You have been overweight on Japan and Europe since 2019, but the US has continued to power ahead through tech stocks. Has your perspective changed?
We continue to think that Europe in particular is very cheap. If you look at it from a valuation perspective then relative to other parts of the world, there are lots of companies that look attractive, and so, when we underweight, or overweight, it varies based on what our expected future returns are, and Europe has underperformed meaningfully. So, we think that there is a likelihood of higher annualized returns in the forthcoming period, of vis-à-vis what we have been through, and so, that’s how we look at it. I will say that, in retrospect, everyone has been surprised at the strong policy response in the US that has really unleashed that market, and Europe has certainly been a little more cautious in its policy response, but they have caught up and are trying to develop their markets as well. And from a valuation perspective, you would understand how we would think that expected future returns are higher there. And I would say that, (in the) US too, we would continue to favour value-oriented investments because they have underperformed meaningfully, and look relatively cheap compared to their growth and outputs.
With rate hikes being imminent across the world, what are the prospects for debt investors?
If I had to count the number of people that said that rate hikes are imminent for the last 16 years, then we’ll have a lot of losers, and so, it just points to the fact that it’s difficult to predict when interest rates actually move.
Part of what you are saying is with respect to where they are in the developed markets and they can only go up, right?

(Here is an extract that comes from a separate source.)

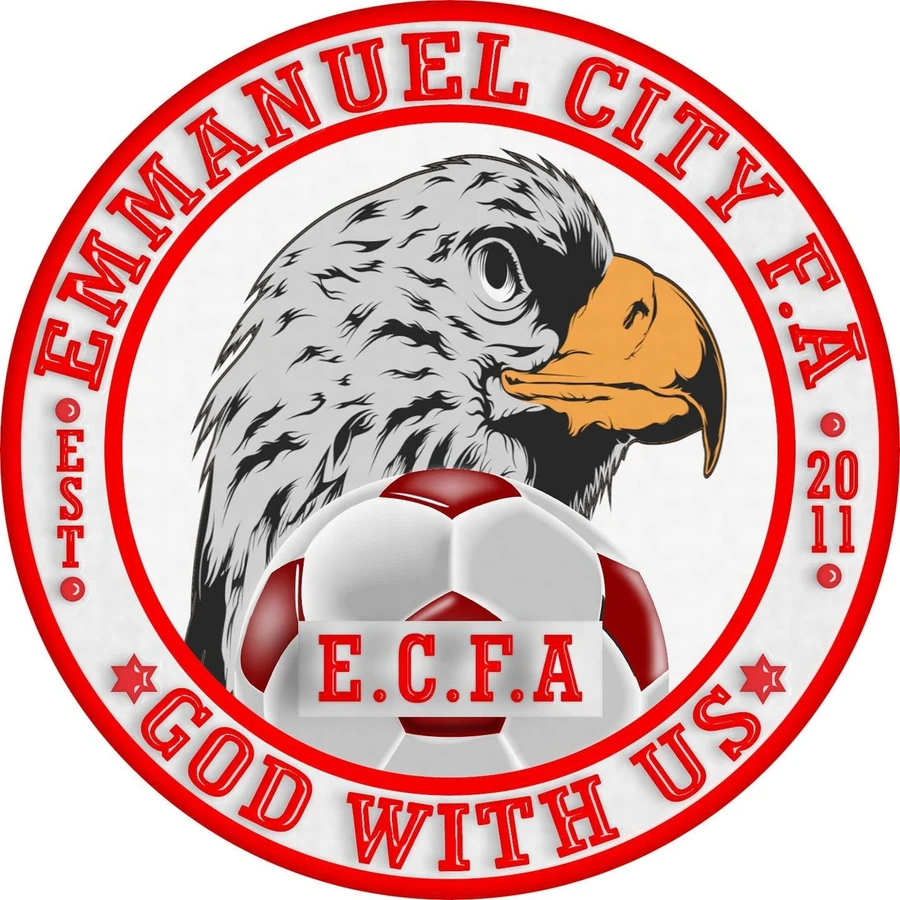 Emmanuel City FC logo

And so, they will, eventually. And when that happens, it’s obviously a difficult outcome for those who are definitely fixed income investors, because the tailwind that they enjoy from lower rates which drive up the total return will disappear. There are alternatives even within fixed income, such as corporate debt, that investors can do well in. The important thing is if you are an investor, you shouldn’t think about taking your fixed income into equities or risk-bearing asset classes. At the end of the day, there’s a reason those asset classes are there—it’s sometimes to de-risk the portfolio, somewhere to drive returns.
When you say alternative liquid asset classes, what do they encompass?
What it does entail is what we are seeing a lot of today, that is, private equity. And, in private equity, money is locked up for multiple periods, so there’s no liquidity in that sort of asset classes. Liquid alternatives are essentially different kinds of strategies that in total are not necessarily used in traditional fixed income or traditional equity, but giving you through strategies that are available through merger arbitrages (that people use, that are relatively common), but has a fixed amount of assets that go into it; those kind of things, that people are using options and futures to create exposures. These tend to be very institutional strategies that are turning to be downmarket. In India, they are not so popular, so you might not have seen them, or they have not arrived just yet.
The other fear that’s in the minds of most investors, or most individuals, is that of inflation. What should people do to protect themselves from inflation?
I’m a big believer in not trying to build a portfolio on macroeconomic shortcomings. I think very few people look in through that successfully, and the reality is that most professional predictors and watchers of markets are usually not right in these types of things, and my advice is to build a portfolio that is sensible to you as an investor, and to stick to it for the long run. That means, occasionally, it’s going to look much worse than you would like things to be, and you would have things look much better than they are; but the point is that with time, you get to the right results, and what I would worry about what I want to do, what outcome I want. With that being said, in inflationary period, stocks tend to be one asset class, so I could see a situation where people could add a little more to equities, but I would not overdo it.
What’s your view on crypto?
Put me in the basket of sceptics. I think most investors are just fine without it in their portfolios.